Comment l’action collective des jeunes femmes urbaines déplace des montagnes

Je m’appelle Bridget Dedaa Amemfi. Je suis une jeune femme de 25 ans qui fait des études dans l’espoir de devenir médecin. Je vis à Accra, au Ghana, où je suis membre du Young Urban Women’s Movement, une organisation ayant vocation de servir de point de ralliement aux jeunes femmes urbaines âgées entre 15 et 35 ans, pour conscientiser et militer pour la sécurité économique et l’intégrité physique des femmes, et le besoin de reconnaître, alléger et réattribuer les responsabilités en matière de tâches non-rémunérés.
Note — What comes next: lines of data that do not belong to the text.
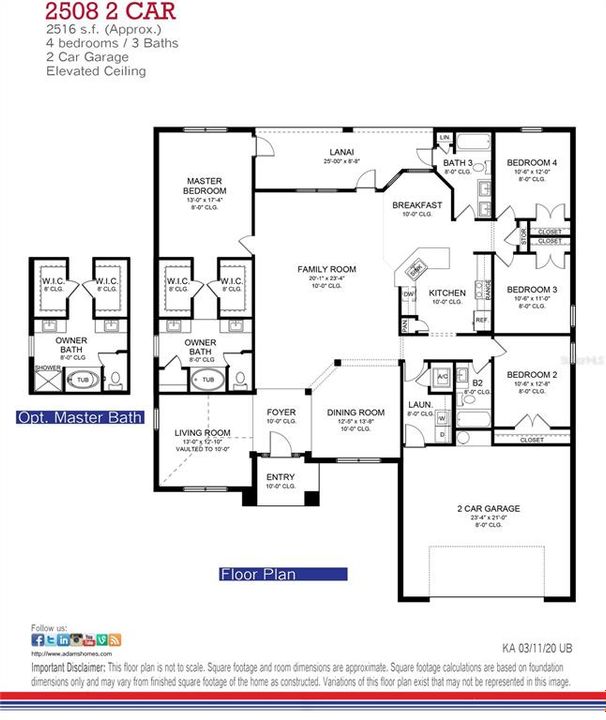 Active With Contract: $377,950 (4 beds, 3 baths, 2516 Square Feet)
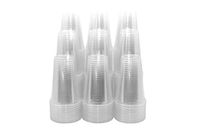 [1000 COUNT] 20oz Clear Plastic Disposable Cups - Premium 20 oz (ounces) Crystal Clear PET Cup (No Lids) for Cold Drinks Iced Coffee Tea Juices Smoothies Slush Soda Cocktails Beer Sundae Kids Safe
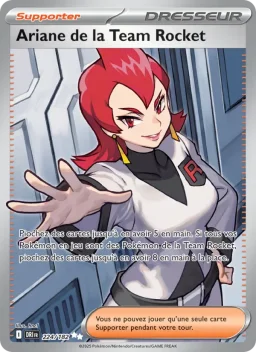 Carte Pokemon Ariane de la Team Rocket #224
Avant de rejoindre le mouvement, j’ai eu une expérience directe de l’exploitation économique au travail, alors que j’étais, en même temps, accablée de responsabilités domestiques et familiales. Je manquais de confiance en moi et je n’avais aucune conscience de mes droits sexuels. Je travaillais en tant que pompiste dans une station-service, ce qui m’a permis de constater par moi-même les diverses manières dont les jeunes femmes sont exploitées. J’étais fréquemment payée en retard, je n’ai jamais reçu d’équipement de protection et jusqu’à mes prestations sociales n’étaient pas payées. Ma santé s’est vue affectée en raison de l’absence d’un dispositif de protection et je me suis vue contrainte d’abandonner mon poste.

Après avoir rejoint le mouvement, j’ai pris conscience de tous les droits que je possède et comment faire valoir ceux-ci. Je n’ai pas tardé à découvrir que, comme moi, la plupart des jeunes femmes au Ghana ont été exploitées économiquement, ont été sexuellement harcelées au travail et manquent de confiance en elles.

Cependant, au terme de diverses formations et grâce à notre familiarisation progressive aux conférences et ateliers de travail, nous avons désormais acquis les compétences pour mener des campagnes et plaider pour nos droits, de même que sur des enjeux liés au travail décent, au travail domestique non rémunéré, sur la santé sexuelle et reproductive, ainsi que l’action en soutien de services publics sensibles au genre.

Grâce à la mobilisation et à la sensibilisation, nous avons désormais un groupe de jeunes femmes urbaines prêtes à lutter pour le changement au sein de leurs propres communautés.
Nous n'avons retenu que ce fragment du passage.